Beginning with the first line of the data below, reproduce every line unchanged, ending with the line that holds "in deadly attack".

Collection entries
====================

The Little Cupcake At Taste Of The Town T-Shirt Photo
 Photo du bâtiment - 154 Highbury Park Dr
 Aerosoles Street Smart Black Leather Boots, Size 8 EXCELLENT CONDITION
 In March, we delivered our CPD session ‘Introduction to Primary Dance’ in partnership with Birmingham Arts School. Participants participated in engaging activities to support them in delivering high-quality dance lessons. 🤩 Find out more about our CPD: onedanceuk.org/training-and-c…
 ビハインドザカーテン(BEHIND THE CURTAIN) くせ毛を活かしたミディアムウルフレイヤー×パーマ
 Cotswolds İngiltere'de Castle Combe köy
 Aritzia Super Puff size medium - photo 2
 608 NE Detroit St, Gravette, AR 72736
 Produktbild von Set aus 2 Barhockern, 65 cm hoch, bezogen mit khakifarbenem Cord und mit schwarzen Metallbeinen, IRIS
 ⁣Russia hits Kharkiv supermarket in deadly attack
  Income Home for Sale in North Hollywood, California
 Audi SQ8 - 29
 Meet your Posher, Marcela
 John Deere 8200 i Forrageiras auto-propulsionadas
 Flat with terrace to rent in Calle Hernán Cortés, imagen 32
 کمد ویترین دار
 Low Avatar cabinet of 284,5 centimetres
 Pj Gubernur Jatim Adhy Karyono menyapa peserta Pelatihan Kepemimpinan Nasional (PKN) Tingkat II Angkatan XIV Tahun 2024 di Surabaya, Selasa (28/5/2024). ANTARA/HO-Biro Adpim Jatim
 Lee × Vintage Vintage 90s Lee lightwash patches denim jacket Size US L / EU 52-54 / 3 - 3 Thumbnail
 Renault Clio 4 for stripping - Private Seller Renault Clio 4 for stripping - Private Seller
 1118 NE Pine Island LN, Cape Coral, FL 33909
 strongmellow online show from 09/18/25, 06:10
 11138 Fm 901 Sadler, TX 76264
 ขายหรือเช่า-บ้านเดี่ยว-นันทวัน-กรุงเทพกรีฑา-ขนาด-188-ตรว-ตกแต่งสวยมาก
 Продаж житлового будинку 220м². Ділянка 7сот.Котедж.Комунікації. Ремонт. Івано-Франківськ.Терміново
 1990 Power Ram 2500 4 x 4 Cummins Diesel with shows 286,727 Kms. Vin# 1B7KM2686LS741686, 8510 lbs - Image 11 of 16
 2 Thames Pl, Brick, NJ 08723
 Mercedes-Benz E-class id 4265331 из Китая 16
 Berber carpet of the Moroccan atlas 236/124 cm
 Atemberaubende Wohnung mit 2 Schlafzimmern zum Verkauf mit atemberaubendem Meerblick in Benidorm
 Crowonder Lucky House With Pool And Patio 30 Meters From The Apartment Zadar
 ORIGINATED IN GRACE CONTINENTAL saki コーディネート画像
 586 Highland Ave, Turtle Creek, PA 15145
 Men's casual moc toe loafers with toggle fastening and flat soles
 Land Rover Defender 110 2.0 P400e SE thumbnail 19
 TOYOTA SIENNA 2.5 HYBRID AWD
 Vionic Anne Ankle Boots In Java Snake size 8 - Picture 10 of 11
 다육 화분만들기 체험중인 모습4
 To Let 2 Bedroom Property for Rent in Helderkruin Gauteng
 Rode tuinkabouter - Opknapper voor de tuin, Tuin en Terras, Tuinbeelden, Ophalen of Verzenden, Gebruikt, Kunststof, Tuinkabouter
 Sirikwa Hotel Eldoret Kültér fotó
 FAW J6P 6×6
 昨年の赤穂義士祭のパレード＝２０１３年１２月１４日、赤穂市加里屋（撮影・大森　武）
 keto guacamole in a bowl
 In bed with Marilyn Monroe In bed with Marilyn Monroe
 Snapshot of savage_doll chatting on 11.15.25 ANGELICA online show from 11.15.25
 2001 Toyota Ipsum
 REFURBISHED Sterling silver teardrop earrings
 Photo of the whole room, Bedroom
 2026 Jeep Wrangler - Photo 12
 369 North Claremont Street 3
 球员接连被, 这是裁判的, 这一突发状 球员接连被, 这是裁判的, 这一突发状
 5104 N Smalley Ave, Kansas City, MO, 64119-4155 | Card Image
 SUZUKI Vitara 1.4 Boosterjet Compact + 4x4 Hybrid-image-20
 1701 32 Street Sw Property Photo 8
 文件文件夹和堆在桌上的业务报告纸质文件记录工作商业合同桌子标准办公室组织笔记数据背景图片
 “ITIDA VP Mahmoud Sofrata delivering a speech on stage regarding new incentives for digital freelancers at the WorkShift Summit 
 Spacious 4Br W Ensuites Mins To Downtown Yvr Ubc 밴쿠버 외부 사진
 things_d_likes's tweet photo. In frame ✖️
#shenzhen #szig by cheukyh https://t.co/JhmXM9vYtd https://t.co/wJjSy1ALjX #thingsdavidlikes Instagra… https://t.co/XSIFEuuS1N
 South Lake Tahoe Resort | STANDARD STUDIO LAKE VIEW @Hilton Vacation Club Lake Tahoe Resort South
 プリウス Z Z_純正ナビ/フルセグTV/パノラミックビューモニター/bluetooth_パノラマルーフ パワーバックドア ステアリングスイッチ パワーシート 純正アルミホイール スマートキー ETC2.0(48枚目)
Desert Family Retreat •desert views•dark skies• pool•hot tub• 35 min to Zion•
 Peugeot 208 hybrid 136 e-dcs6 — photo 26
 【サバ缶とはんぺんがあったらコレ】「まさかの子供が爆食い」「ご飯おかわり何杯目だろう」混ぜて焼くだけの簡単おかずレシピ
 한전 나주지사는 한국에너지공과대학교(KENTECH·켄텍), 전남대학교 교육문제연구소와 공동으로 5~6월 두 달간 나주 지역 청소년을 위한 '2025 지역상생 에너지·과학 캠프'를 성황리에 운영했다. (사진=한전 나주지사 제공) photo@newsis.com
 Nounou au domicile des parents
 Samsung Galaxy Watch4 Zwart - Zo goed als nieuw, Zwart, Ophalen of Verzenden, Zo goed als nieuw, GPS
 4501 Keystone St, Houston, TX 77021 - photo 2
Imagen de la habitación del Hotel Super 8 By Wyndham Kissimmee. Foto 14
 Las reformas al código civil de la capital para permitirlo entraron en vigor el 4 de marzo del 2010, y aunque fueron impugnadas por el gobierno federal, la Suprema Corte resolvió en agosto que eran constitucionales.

====================

▸ TASK SOLUTION:
The Little Cupcake At Taste Of The Town T-Shirt Photo
 Photo du bâtiment - 154 Highbury Park Dr
 Aerosoles Street Smart Black Leather Boots, Size 8 EXCELLENT CONDITION
 In March, we delivered our CPD session ‘Introduction to Primary Dance’ in partnership with Birmingham Arts School. Participants participated in engaging activities to support them in delivering high-quality dance lessons. 🤩 Find out more about our CPD: onedanceuk.org/training-and-c…
 ビハインドザカーテン(BEHIND THE CURTAIN) くせ毛を活かしたミディアムウルフレイヤー×パーマ
 Cotswolds İngiltere'de Castle Combe köy
 Aritzia Super Puff size medium - photo 2
 608 NE Detroit St, Gravette, AR 72736
 Produktbild von Set aus 2 Barhockern, 65 cm hoch, bezogen mit khakifarbenem Cord und mit schwarzen Metallbeinen, IRIS
 ⁣Russia hits Kharkiv supermarket in deadly attack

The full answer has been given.